Notes: [1]An argument that is passed to a ref or in parameter must be initialized before it is passed. This differs from out parameters, whose arguments do not have to be explicitly initialized before they are passed. They can also be defined inline. [2] Members of a class can’t have signatures that differ only by ref, in, or out. BUT, methods can be overloaded by using ref, in, or out when the other one has a simple value type parameter. (Remember: to the compiler, they all are ref) [3] async methods can NOT have ref, in, or out parameters. Same with iterator methods with yield. [4] When reference types are passed by-reference as parameter, the called method can completely replace the object by pointing the reference to a new location (assigning a new object). So now, the original variable in calling method will have a new object. This is not possible when reference type is passed by-value, only individual items can be updated in-place. If a new object is assigned to pass-by-value reference parameter inside called method, further changes to that object does not reflect in original object passed!

class ExampleClass
{
    public void M(int x) { }
    //This works (any ONE of following three is allowed)
    public void M(ref int x) { }
    //But the following 2 does NOT compile, if above is present
    //public void M(in int x) { }
    //public void M(out int x) => x = 10;

    //following methods do not work if parameter has ref or other modifiers
    public IEnumerable<int> GetNumbers(int x)
    {
        for (int i = 1; i <= x; i++)
            yield return i;
    }
    public async Task<int> GetDoubleAsync(int x)
    {
        await Task.Delay(100);
        return x * 2;
    }
}

Note: When calling a method with in parameter, the in keyword is optional. But, if 2 methods differ by only a in modifier in a parameter, then the in keyword must be used to call the method that has in parameter. (This was fixed in C# 7.3).

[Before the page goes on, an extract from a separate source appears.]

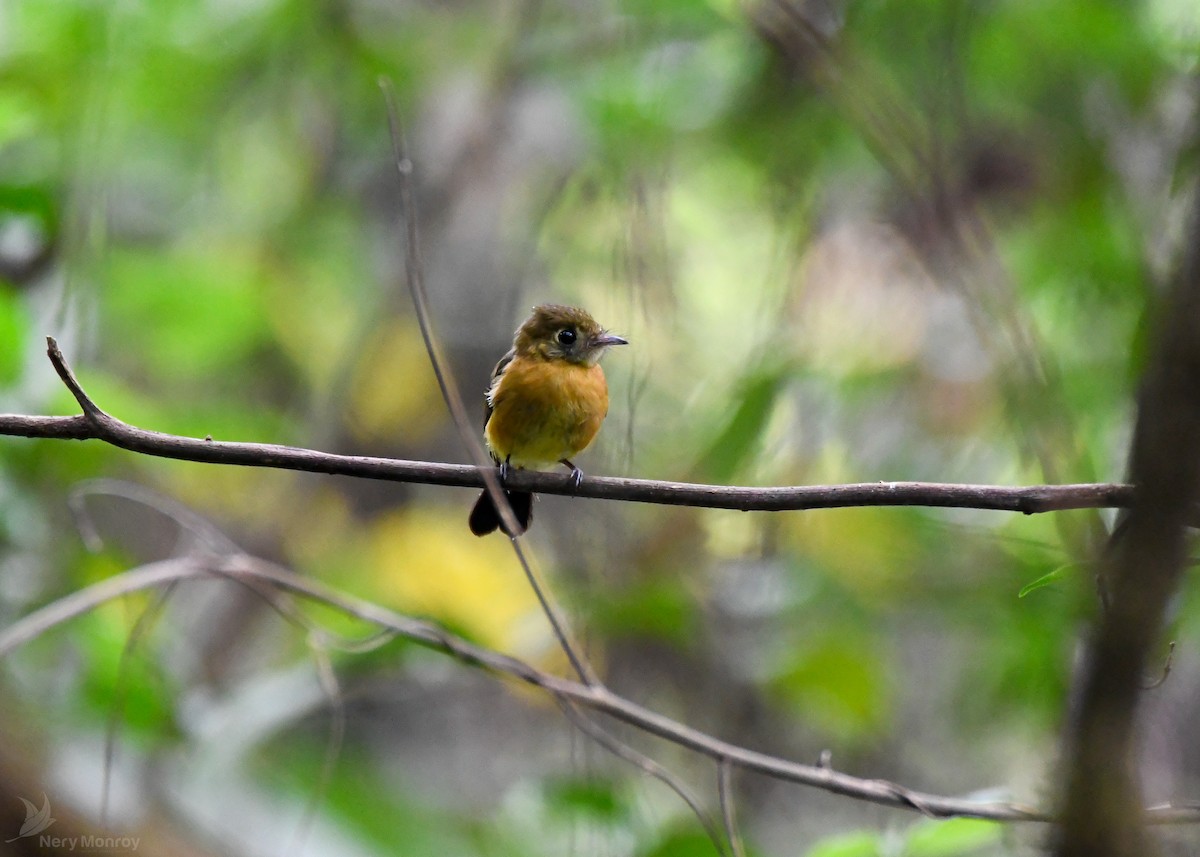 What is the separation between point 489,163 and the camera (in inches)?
247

public void M1(in int x) { }
public void M2(int x) { }
public void M2(in int x) { } //in overload

public void TestIn()
{
    M1(10); //works fine
    //following is NOT allowed - only pass variable with `in`
    //M1(in 30);
    var n = 30;
    M1(in n); //this works

    M2(n); //calls first M2
    M2(in n); //calls second M2
}

//in parameters CAN have default values
public void M3(in int x = 100) { } //valid

For value types, readonly struct (see below) and in parameters play very well together. In fact, passing a non-readonly struct as in parameter almost always degrades the performance.

readonly struct

When a struct is defined with readonly modifier, the structure becomes immutable. Simply put, all it’s member fields & properties must be readonly. The this fields can be set only within a constructor. So, once initialized, the values cannot be updated (well, not without tricks like reflection). This was kind of a long due feature, developers wanted a clear way to create immutable value types, which was not there. This is useful for it’s clear readability of intent, but also very useful from the performance stand point as it saves the compiler from making a defensive copy of the data when passing around. Read this for better understanding.

Readonly structs should always be passed as in parameters to have better performance (by avoiding a defensive copy by the compiler).

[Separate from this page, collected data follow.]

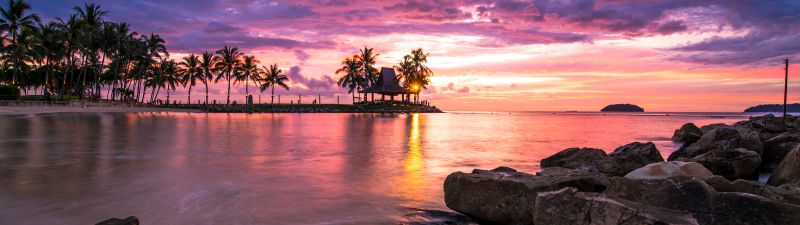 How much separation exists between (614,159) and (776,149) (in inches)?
192

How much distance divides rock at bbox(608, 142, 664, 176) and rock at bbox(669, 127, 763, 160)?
1.91 metres

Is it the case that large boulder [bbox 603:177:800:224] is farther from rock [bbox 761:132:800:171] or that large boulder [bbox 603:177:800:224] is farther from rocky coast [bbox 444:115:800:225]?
rock [bbox 761:132:800:171]

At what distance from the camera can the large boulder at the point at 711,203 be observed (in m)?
4.24

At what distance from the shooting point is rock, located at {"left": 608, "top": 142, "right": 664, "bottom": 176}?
9820 mm

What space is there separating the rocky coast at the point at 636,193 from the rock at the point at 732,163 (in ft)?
0.06

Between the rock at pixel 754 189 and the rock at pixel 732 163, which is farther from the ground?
the rock at pixel 754 189

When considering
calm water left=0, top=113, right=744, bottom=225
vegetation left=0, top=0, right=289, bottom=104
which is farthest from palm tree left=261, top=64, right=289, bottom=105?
calm water left=0, top=113, right=744, bottom=225

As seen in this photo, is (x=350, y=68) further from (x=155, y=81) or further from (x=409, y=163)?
(x=409, y=163)

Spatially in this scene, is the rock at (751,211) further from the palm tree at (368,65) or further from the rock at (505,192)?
the palm tree at (368,65)

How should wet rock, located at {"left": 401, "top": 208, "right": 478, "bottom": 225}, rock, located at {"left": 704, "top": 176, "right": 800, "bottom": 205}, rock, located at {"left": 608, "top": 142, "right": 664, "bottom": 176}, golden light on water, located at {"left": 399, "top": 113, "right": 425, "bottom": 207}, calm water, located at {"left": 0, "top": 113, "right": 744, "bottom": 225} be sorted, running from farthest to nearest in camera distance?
rock, located at {"left": 608, "top": 142, "right": 664, "bottom": 176}, golden light on water, located at {"left": 399, "top": 113, "right": 425, "bottom": 207}, calm water, located at {"left": 0, "top": 113, "right": 744, "bottom": 225}, wet rock, located at {"left": 401, "top": 208, "right": 478, "bottom": 225}, rock, located at {"left": 704, "top": 176, "right": 800, "bottom": 205}

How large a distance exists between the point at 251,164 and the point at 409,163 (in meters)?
4.46

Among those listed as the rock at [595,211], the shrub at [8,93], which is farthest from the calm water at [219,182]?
the shrub at [8,93]

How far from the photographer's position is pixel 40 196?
25.8 ft

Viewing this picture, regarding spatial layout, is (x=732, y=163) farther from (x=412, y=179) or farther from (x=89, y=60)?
(x=89, y=60) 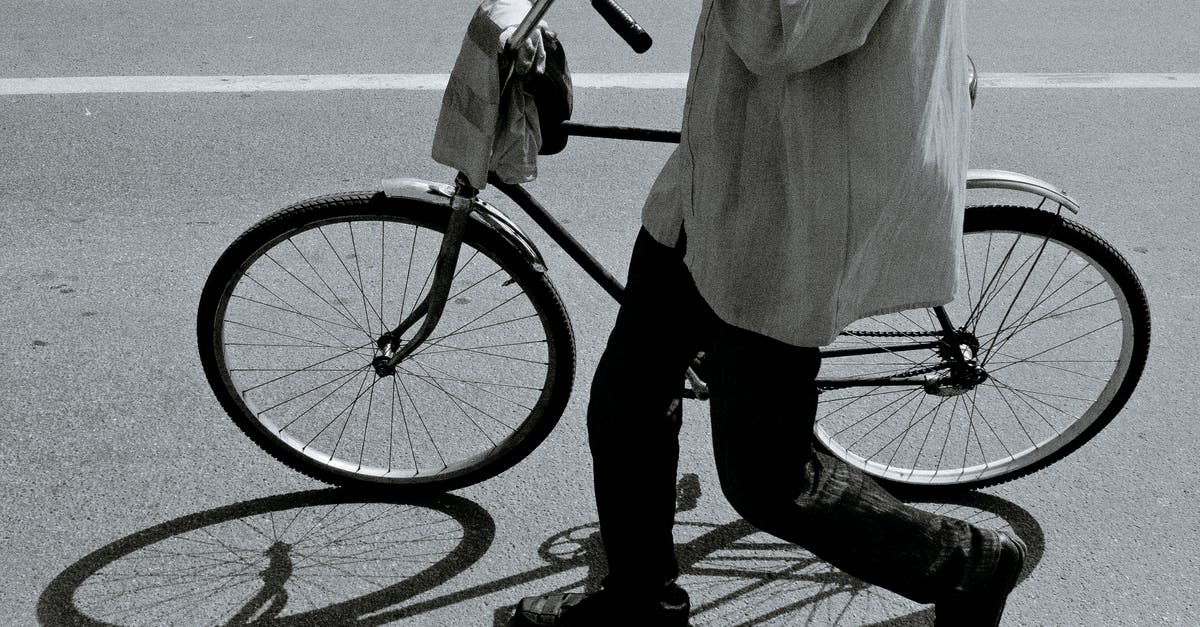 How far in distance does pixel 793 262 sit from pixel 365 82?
422cm

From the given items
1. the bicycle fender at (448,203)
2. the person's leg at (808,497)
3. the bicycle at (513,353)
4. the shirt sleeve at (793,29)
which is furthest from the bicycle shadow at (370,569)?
the shirt sleeve at (793,29)

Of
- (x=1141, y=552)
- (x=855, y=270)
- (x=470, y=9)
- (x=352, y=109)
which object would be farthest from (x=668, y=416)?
(x=470, y=9)

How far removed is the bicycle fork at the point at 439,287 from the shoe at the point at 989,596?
1195 mm

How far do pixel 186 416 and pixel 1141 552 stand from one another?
2.48 metres

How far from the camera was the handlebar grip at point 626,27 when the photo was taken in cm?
211

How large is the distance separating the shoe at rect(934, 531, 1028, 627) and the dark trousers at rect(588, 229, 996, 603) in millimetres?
26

public readonly struct Velocity
{
    //All fields & properties MUST BE READONLY
    private readonly string _direction;
    public double Speed { get; }
    public string Unit => "m/s";
    //readonly fileds/properties can only be set in constructor 
    public Velocity(double speed, string direction)
    {
        Speed = speed;
        _direction = direction;
    }
    //this is allowed too, only inside constructor 
    public Velocity(Velocity v)
    {
        this = v;
    }
}

//ideal usage with in parameters
public void TestReadonlyStruct(in Velocity velocity)
{
    var speed = velocity.Speed;
}

Note that there is generally no point creating an instance of readonly struct by calling the default constructor, as that will give you an instance with all properties/fields set to default values and you cannot change it!

ref struct

Adding the ref modifier to a struct declaration defines that instances of that type must be stack allocated. In other words, instances of these types can never be created on the heap as a member of another class, or they cannot be boxed, they cannot be assigned to variables of type object, dynamic or to any interface type. Obviously, they cannot implement an interface. There are bunch of rules that the compiler enforces on a ref struct.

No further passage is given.